Особенно возмущала Ломоносова зверская эксплуатация детей на рудниках. В своих «Первых основаниях металлургии» Ломоносов вспоминал виденных им в Саксонии «малолетних ребят», которые, «несмотря на нынешнее просвещение, еще служат на многих местах вместо толчейных мельниц», то есть толкут и растирают насыщенную серой и сурьмой руду.

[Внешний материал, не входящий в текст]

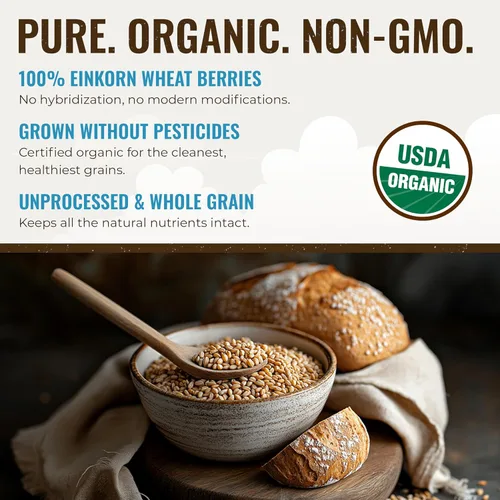 Miniatura 6 de Grand Teton Ancient Grains - Bayas de Einkorn 100% orgánicas, Farro Piccolo de grado alimenticio de primera calidad, para moler en harina, hornear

Тогда как, замечает Ломоносов, легко можно было бы сделать для этого механические приспособления наподобие мельниц: «для лутчего ускорения работы и для сбережения малолетних детей, которые в нежном своем возрасте тяжкою работою и ядовитою пылью здоровье тратят и на всю жизнь себя увечат».
Ломоносов не просто пронесся по Европе в щегольской карете, как русские знатные путешественники, а окунулся в самую гущу жизни, видел ее снизу и не питал никаких иллюзий в отношении западноевропейской культуры.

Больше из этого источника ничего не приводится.